I have a job queue (using Amazon SQS) which hands off jobs to many machines for fetching and processing various documents over HTTP. There are hundreds of different hosts which are accessed, and there is no predictable order for the jobs.

In order to be polite, I don't want my system to hammer repeatedly on a single host. Thus, if I get a job #123 to fetch something from example.com, but I see that I have just fetched another thing from example.com in the past X seconds, I should move on to something else and save job #123 for later.

The question is, what's a good way to implement this pattern?

It seems the first step would be to have the job runners keep a list somewhere of all domains and the last time something on that domain was accessed.
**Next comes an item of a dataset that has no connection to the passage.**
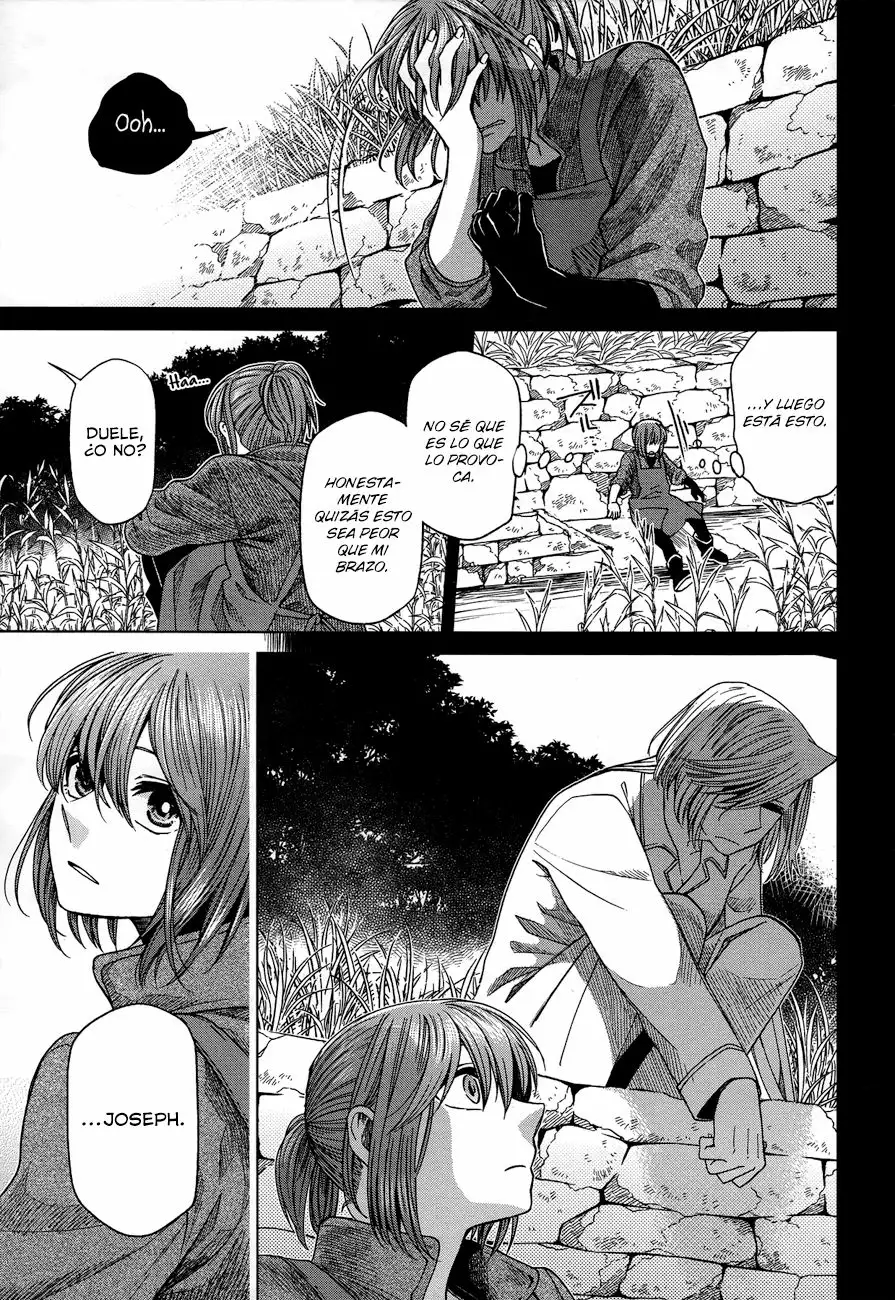 Mahoutsukai no Yome Capítulo 46 - Page 11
I suppose this could be a simple DB table.

There are then many possible options for what to do if a message processor gets a job that must be deferred.
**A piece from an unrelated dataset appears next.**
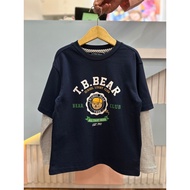 BOYS' TOP READY SIZE 2Y-13Y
  1. Simply push a copy of the message onto the end of the queue, and throw it away without executing it. Hopefully, by the next time it comes around, enough time will have passed. This may result in a lot of redundant SQS messages, especially if a large cluster of jobs for the same domain goes through at once.
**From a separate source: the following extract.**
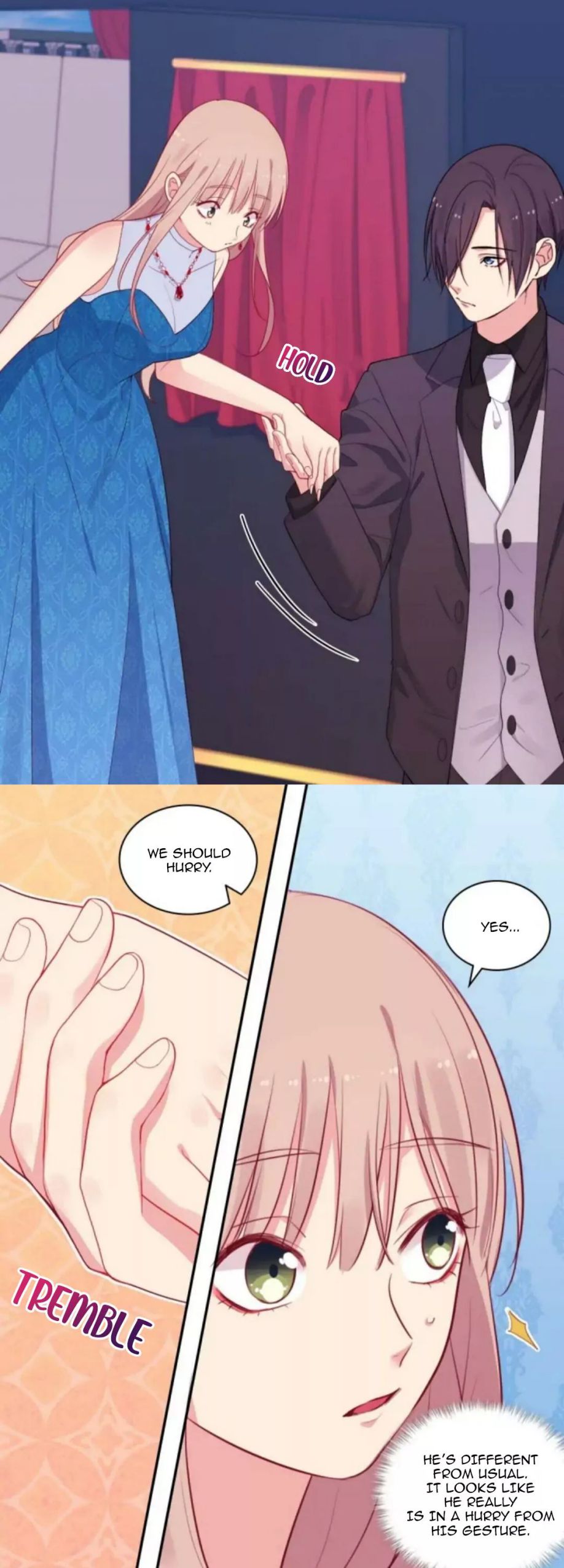 Daisy: How to Become the Duke’s Fiancée Chapter 18 121 21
  2. Sleep for however many seconds are necessary until politeness dictates that the job can be executed. This may result in a lot of queue processors simultaneously doing nothing.

  3. Accept the job, but save it in a local queue somewhere on each queue processor. I imagine each processor could "claim" a number of jobs this way, and then elect to process them in whatever order achieves maximum politeness. This can still be unpredictable, because each queue processor needs to be aware of the domains hit by all the others.

  4. Establish separate queues for every domain and have one process dedicated to each queue. Each process would have to pause for X seconds between doing each job, so there's a lot of sleeping process overhead, but maybe this isn't such a bad thing.

Do you have any experience with designing this sort of thing? What strategy would you recommend?

2
Are you 100% stuck on SQS? There are good designs NOT forcing you into queue-per-domain solution, but they require you to have direct control of the queue which I am assuming SQS doesn't provide (to be precise, ability to "browse" the queue without taking top element, and ability to take Nth element instead of the top - basically, treating the queue as doubly linked list without insertion and not a pure queue).DVK

2 Answers

2
votes

Separate queues for each domain and a queue of domains.

Each processor should:

  1. Pick a domain from queue of domains.
  2. If domain was not recently updated, pick the top task from the domain queue.
  3. Put domain back to the end of domain queue.
  4. If we have a task to execute, do it.
  5. Sleep until it is the time to check the head of domain queue or the domain queue is updated.

It may help if you organize the queue of domains as a time-priority queue — store the domains in the order of the next update time.

0
votes

I would recommend setting up a queue for each domain, and one processor per queue.

Most servers should have no problem with requests issued constantly in-series, so long as you keep an eye on total transfer quantity (for example, you should avoid indexing files above more than a few hundred KB unless you have a real need for it).

I assume you're also obeying robots.txt rules too.